▶ ASSIGNED TASK
Every line below must be reproduced exactly. Copy them all.

▶ MATERIAL PROVIDED
═══

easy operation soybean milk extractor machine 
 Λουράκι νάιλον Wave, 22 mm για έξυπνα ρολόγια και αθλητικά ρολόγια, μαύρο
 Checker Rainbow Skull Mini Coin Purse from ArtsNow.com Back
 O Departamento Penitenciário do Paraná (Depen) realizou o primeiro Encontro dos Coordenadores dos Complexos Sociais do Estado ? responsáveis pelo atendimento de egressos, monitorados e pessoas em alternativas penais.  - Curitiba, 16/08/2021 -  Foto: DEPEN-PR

═══

▶ TASK OUTPUT
easy operation soybean milk extractor machine 
 Λουράκι νάιλον Wave, 22 mm για έξυπνα ρολόγια και αθλητικά ρολόγια, μαύρο
 Checker Rainbow Skull Mini Coin Purse from ArtsNow.com Back
 O Departamento Penitenciário do Paraná (Depen) realizou o primeiro Encontro dos Coordenadores dos Complexos Sociais do Estado ? responsáveis pelo atendimento de egressos, monitorados e pessoas em alternativas penais.  - Curitiba, 16/08/2021 -  Foto: DEPEN-PR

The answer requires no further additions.